--- AVAILABLE DATA ---

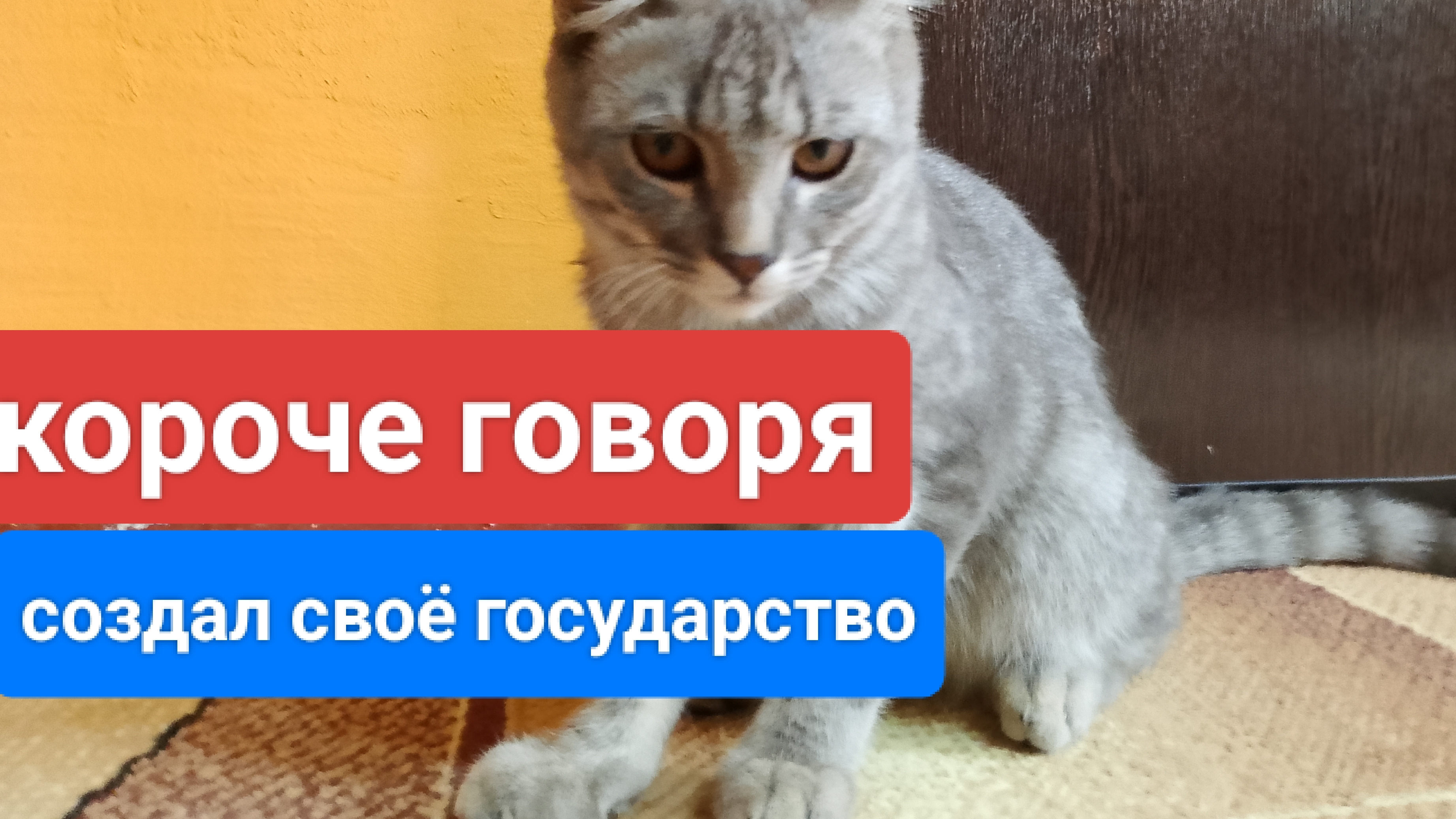 Короче говоря создал своё государство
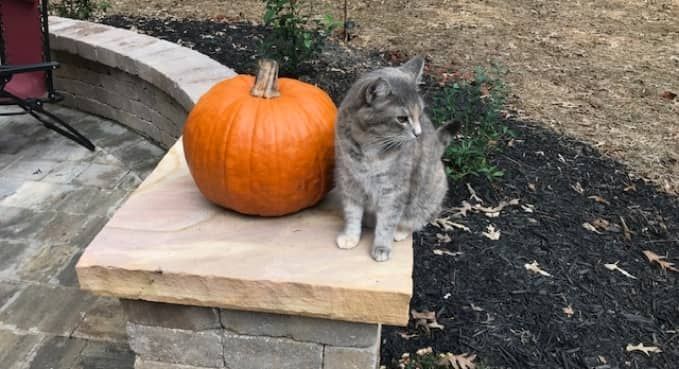 Gray tabby cat beside an orange pumpkin on a stone ledge outdoors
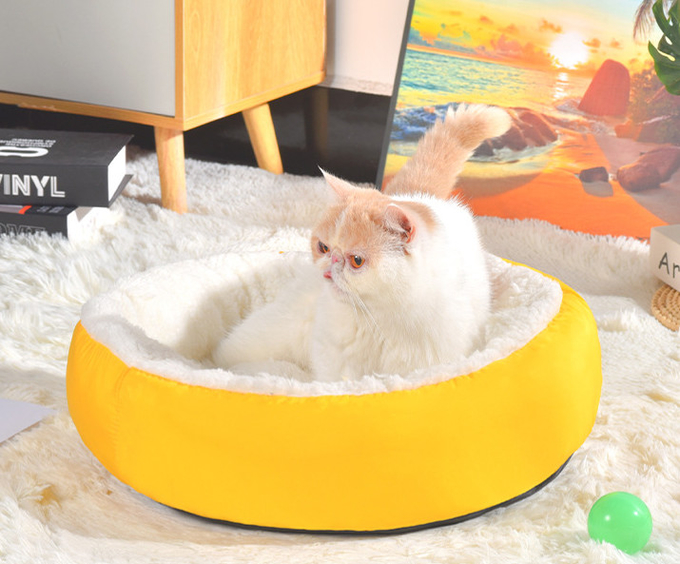 pequeña cama del gatito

---

HOW TO COMPLETE THIS TASK — The task calls for every line of the data to be returned exactly, without pictures.

YOUR SOLUTION —
 Короче говоря создал своё государство
 Gray tabby cat beside an orange pumpkin on a stone ledge outdoors
 pequeña cama del gatito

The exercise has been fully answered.